Einde inhoudsopgave
Wet voortgezet onderwijs 2020
Artikel 2.47 Samenwerkingsverbanden
Geldend
Geldend van 01-08-2022 tot 01-08-2025
- Bronpublicatie:
25-02-2021, Stb. 2021, 171 (uitgifte: 07-04-2021, kamerstukken: 35605)
27-01-2021, Stb. 2021, 57 (uitgifte: 10-02-2021, kamerstukken: 35611)
27-01-2021, Stb. 2020, 157 jo Stb. 2021, 57 (uitgifte: 10-02-2021, kamerstukken: 35611)
20-05-2020, Stb. 2020, 157 jo Stb. 2021, 57 (uitgifte: 05-06-2020, kamerstukken: 35336)

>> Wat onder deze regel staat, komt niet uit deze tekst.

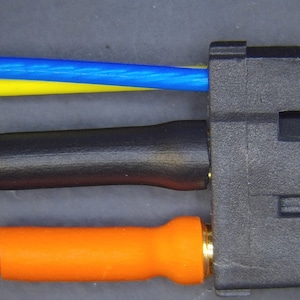May include: A close-up of a black electrical connector with three wires attached. The wires are blue, yellow, and orange. The connector has a gold-colored metal pin.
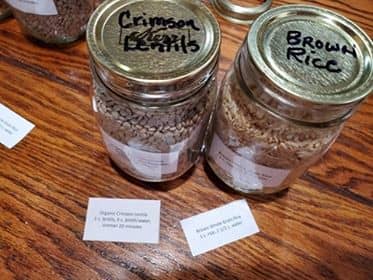 In addition to the label on front, I also put on top so I can see what is in the jar whether on a shelf or packed back into the canning jar box. I forgot to add a date and had to go back and add to lid and label.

30-09-2020, Stb. 2020, 379 (uitgifte: 14-10-2020, kamerstukken: 35297)
- Inwerkingtreding
01-08-2022
- Bronpublicatie inwerkingtreding:
08-03-2022, Stb. 2022, 114 (uitgifte: 16-03-2022, kamerstukken/regelingnummer: -)
29-11-2021, Stb. 2021, 599 (uitgifte: 09-12-2021, kamerstukken/regelingnummer: -)
29-11-2021, Stb. 2021, 599 (uitgifte: 09-12-2021, kamerstukken/regelingnummer: -)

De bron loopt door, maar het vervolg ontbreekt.